| Task objective |
Please restate, word for word, each line from the one containing "For Sale: $2,895,000" through the end of the entries below.
*** Source data ***
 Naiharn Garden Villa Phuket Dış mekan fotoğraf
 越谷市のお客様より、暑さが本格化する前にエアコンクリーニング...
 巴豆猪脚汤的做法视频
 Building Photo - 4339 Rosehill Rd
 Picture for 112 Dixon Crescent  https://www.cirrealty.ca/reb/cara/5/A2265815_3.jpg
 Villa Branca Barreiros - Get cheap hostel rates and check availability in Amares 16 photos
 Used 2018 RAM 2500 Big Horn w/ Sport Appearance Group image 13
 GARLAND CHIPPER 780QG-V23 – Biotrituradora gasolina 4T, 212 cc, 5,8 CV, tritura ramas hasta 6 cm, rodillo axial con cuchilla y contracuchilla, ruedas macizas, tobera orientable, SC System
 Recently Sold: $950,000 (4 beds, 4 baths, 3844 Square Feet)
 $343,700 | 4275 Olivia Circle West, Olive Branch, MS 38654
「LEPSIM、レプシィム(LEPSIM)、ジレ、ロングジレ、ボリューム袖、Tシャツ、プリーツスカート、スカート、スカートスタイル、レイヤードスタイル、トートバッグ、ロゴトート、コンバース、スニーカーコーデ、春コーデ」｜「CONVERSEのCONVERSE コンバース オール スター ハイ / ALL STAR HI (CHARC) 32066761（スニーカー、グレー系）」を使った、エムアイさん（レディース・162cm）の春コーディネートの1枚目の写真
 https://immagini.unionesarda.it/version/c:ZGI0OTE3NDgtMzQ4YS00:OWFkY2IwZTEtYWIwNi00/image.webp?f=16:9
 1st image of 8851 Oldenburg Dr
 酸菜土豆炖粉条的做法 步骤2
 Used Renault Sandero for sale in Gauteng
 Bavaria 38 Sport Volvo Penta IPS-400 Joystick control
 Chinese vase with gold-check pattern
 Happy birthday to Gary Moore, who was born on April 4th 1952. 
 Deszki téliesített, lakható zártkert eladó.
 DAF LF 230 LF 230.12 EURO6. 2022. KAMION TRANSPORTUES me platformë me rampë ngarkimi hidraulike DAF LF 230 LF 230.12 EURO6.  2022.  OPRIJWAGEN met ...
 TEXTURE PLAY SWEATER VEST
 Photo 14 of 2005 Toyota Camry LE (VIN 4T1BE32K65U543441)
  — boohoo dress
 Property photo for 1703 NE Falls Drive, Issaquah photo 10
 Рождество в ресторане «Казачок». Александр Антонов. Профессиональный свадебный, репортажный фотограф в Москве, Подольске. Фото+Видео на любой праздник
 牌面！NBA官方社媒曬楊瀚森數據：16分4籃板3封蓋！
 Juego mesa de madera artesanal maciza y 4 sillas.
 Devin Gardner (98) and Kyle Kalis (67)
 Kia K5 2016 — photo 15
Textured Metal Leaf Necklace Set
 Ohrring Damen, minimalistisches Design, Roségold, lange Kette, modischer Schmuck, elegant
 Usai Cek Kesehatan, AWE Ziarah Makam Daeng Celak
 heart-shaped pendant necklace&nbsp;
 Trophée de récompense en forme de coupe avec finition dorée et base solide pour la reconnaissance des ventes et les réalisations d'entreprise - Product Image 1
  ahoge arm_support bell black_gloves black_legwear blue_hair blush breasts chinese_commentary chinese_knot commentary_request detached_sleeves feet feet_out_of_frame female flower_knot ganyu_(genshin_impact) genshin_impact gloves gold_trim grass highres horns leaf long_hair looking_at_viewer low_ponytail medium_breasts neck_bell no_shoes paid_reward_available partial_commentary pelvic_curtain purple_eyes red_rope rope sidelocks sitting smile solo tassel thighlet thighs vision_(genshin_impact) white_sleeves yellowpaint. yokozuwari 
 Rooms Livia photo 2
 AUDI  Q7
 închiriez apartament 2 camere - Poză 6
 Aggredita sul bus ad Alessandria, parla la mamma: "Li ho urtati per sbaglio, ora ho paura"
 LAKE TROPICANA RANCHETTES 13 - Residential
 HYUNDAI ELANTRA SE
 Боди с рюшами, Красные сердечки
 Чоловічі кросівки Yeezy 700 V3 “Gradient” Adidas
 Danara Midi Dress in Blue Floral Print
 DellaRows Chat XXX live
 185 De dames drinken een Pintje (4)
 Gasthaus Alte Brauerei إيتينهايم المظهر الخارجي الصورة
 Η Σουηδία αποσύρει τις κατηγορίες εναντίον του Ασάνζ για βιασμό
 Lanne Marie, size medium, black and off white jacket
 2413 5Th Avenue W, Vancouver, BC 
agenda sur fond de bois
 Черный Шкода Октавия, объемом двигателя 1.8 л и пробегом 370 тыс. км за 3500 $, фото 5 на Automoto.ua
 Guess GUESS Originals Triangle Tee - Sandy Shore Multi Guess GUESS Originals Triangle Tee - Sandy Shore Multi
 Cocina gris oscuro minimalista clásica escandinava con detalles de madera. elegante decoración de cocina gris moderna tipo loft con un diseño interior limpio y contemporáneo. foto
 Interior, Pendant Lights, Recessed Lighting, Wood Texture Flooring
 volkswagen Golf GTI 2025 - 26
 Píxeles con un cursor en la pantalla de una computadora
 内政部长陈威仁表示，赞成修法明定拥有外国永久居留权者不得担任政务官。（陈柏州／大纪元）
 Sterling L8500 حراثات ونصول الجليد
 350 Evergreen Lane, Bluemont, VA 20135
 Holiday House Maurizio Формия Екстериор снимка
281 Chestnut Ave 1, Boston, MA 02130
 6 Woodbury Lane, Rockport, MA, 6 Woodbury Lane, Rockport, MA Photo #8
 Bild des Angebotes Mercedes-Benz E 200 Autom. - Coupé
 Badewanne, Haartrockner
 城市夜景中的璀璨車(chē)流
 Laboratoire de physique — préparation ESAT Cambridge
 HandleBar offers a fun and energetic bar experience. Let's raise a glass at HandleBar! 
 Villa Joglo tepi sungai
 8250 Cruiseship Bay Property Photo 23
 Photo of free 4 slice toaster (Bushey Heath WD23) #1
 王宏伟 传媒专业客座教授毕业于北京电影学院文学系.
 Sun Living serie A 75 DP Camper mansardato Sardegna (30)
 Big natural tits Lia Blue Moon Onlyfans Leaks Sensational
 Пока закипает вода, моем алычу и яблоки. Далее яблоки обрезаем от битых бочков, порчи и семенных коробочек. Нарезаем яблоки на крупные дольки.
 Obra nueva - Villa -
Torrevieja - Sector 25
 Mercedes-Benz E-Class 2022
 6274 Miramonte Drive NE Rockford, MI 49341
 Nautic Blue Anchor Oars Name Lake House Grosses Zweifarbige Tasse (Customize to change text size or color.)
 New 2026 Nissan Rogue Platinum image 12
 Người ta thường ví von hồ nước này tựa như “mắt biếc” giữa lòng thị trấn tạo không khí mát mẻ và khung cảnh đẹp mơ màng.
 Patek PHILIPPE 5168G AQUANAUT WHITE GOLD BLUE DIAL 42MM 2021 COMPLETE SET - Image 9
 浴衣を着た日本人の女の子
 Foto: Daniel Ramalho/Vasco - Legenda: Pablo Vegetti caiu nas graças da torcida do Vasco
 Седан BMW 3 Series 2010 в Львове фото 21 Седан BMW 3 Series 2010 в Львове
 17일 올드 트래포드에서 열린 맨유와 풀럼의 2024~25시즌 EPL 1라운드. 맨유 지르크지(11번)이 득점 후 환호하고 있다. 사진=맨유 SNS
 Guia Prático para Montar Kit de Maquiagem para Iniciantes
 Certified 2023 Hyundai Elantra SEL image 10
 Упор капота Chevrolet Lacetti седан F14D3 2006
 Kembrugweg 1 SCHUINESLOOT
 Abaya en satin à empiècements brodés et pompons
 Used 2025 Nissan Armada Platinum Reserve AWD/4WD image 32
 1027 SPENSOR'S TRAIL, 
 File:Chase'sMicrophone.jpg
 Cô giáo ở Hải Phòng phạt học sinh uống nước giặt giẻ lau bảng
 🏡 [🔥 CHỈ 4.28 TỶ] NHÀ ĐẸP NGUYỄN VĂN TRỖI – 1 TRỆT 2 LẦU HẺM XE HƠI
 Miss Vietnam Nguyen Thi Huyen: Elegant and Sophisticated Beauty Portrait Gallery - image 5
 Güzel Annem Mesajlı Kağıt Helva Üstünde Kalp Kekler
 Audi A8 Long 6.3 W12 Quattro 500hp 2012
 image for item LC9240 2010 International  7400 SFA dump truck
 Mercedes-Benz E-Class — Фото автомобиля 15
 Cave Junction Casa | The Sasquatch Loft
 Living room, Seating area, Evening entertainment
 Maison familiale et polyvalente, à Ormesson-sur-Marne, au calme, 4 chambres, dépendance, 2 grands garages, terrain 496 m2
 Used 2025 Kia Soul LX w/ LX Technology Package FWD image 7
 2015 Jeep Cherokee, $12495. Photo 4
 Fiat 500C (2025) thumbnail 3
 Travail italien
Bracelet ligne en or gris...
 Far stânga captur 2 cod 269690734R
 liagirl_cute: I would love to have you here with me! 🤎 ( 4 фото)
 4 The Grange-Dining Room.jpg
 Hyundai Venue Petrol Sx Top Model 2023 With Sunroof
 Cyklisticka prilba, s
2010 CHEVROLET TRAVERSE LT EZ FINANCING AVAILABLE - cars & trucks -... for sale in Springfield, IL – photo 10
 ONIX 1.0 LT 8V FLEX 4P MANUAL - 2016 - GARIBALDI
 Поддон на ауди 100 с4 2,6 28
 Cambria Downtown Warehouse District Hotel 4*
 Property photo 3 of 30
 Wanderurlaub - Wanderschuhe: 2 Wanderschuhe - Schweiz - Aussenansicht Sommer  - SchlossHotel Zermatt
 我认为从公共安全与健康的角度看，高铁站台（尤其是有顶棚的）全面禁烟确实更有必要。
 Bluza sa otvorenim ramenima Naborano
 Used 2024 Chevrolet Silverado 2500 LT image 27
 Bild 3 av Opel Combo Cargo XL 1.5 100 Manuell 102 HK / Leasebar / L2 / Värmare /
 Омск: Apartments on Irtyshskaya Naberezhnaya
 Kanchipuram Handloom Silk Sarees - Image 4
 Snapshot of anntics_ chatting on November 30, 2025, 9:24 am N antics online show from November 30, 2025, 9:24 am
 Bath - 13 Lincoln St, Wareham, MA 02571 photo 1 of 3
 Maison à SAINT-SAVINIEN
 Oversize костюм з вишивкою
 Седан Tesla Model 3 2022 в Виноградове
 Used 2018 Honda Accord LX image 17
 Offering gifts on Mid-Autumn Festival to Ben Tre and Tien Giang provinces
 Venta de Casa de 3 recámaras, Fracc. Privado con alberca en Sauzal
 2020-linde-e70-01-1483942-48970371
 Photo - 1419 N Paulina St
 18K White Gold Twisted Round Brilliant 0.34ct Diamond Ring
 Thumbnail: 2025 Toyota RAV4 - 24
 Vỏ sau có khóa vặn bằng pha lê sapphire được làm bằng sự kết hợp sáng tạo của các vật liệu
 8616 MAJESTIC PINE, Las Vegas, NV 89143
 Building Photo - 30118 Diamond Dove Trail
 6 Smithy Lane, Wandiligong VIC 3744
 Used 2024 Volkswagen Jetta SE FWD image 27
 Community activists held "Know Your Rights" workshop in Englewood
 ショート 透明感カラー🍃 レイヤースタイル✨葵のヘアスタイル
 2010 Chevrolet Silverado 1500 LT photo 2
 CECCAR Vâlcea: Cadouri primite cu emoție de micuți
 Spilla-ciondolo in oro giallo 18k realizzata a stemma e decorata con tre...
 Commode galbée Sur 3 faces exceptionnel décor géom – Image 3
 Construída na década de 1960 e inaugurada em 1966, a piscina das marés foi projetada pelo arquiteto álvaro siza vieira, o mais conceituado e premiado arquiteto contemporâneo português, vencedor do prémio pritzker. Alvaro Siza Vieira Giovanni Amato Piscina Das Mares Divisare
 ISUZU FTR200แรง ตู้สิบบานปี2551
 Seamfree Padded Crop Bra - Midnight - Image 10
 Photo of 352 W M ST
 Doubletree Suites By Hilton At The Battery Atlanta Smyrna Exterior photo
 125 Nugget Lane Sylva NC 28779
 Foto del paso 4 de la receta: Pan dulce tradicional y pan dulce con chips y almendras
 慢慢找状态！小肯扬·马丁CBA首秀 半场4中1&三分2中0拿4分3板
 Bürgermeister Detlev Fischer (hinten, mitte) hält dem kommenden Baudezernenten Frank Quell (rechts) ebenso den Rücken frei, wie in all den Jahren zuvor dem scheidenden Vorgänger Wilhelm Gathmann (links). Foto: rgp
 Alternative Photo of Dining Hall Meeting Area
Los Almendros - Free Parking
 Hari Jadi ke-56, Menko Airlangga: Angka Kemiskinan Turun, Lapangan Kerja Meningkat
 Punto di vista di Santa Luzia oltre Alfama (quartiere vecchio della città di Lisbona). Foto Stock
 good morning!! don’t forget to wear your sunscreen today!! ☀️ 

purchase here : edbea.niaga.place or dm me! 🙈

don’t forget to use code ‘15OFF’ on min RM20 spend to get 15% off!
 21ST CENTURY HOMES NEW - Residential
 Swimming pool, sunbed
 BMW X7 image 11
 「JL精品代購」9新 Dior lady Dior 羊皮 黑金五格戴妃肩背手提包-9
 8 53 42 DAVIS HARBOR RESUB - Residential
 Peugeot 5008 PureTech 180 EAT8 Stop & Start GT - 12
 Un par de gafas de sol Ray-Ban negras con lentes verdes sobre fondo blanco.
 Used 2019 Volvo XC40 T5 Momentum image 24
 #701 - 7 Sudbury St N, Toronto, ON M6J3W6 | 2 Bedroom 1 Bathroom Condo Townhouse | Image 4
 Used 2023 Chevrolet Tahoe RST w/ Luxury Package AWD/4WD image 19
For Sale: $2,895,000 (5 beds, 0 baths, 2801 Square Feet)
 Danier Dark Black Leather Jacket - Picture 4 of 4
*** End of Source data ***
| Task response |
For Sale: $2,895,000 (5 beds, 0 baths, 2801 Square Feet)
 Danier Dark Black Leather Jacket - Picture 4 of 4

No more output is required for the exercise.